Attorney, Agent or Firm: Sheinbein; Sol, Sliwka; Melvin J., Gilbert; Harvey A.
Goverment Interests
ORIGIN OF THE INVENTION
The invention described herein was made in the performance of official
duties by employees of the Department of the Navy and may be manufactured,
used, licensed by or for the Government for any governmental purpose
without payment of any royalties thereon.
Claims
We claim:
1. A "Pyrofuze" pin device for ordnance activation comprising:
a housing for protecting and supporting the various elements of said
"Pyrofuze" pin device;
a "Pyrofuze" pin for preventing ordnance activation, said pin having a
first of two opposite ends operationally disposed through one end of said
housing and a second of said opposite ends disposed within said housing;
an ignitor transfer charge for transferring an alloying reaction zone to
said "Pyrofuze" pin, said charge disposed in said housing and having a
first of two opposite ends attached to said second of said opposite ends
of said "Pyrofuze" pin;
an ignitor branch for tailoring the device initiation time, said branch
disposed in said housing and having one end attached to the second of the
two opposite ends of said ignitor transfer charge; and
electrical terminals for connecting said "Pyrofuze" device to externally
located initiation circuitry, said terminals disposed through and into the
end of said housing opposite said one end through which said "Pyrofuze"

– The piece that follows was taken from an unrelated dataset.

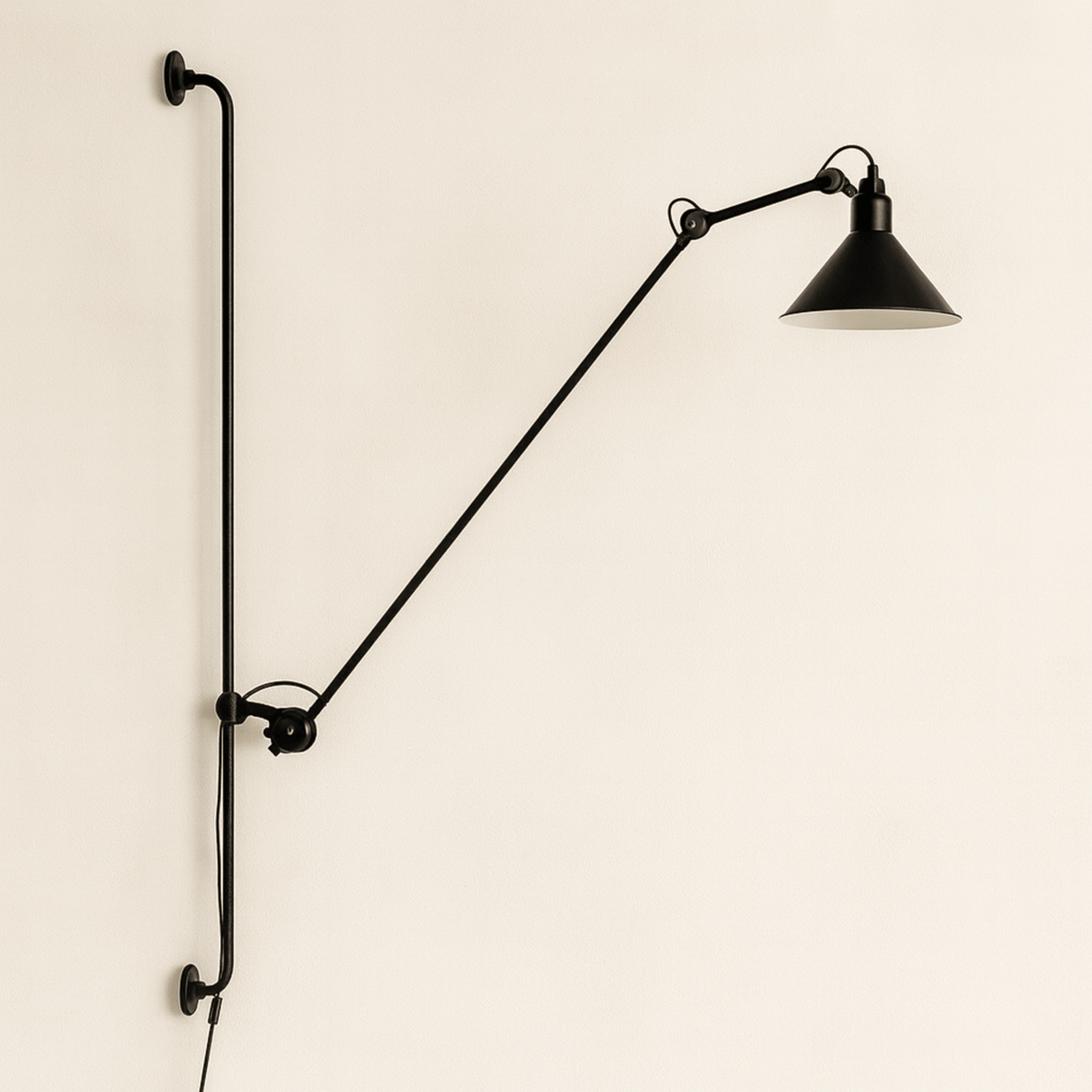 Black wall-mounted lamp with adjustable arm on a beige background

pin is disposed, and attached to the other end of said ignitor branch
therein.
2. A "Pyrofuze" pin device as in claim 1 wherein said "Pyrofuze" pin
comprises a plurality of "Pyrofuze" strands pressed and molded into a
solid pin shape on said first end and with two legs of bundled "Pyrofuze"
strands extending from said second and opposite end.
3. A "Pyrofuze" pin device as in claim 2 wherein said ignitor transfer
charge comprises a plurality of "Pyrofuze" strands extending in two legs
from said second and opposite end of said pin.
4. The "Pyrofuze" pin device as in claim 1 wherein said ignitor branch
comprises a plurality of "Pyrofuze" strands extending between and affixed
to the facing ends of said ignitor transfer charge and said electrical
terminals.
5. The "Pyrofuze" pin device as in claim 4 wherein said ignitor branch is
affixed to said ignitor transfer charge by being securely wrapped around
the bundle of "Pyrofuze" strands comprising said ignitor transfer charge.
6. The "Pyrofuze" pin device as in claim 5 wherein said ignitor branch is
securely wrapped at least one and one-half times around said bundle of
"Pyrofuze" strands comprising said ignitor transfer charge.
7. A "Pyrofuze" pin device for ordnance activation comprising:
means for mounting, protecting, and supporting various elements of the
"pyrofuze" pin device from the environment;
a removable means for mechanically preventing ordnance activation, said
means being operationally disposed within and extending out from said
means for mounting, protecting, and supporting; and
means for initiating and effecting the removal of said means for
mechanically preventing ordnance activation, said means extending from
without, through, and into said means for mounting protecting, and
supporting, and in operative association with said means therein for
mechanically preventing ordnance activation.
8. A "Pyrofuze" pin device as in claim 7 wherein said means for mounting,
protecting, and supporting comprises a weather-proof housing.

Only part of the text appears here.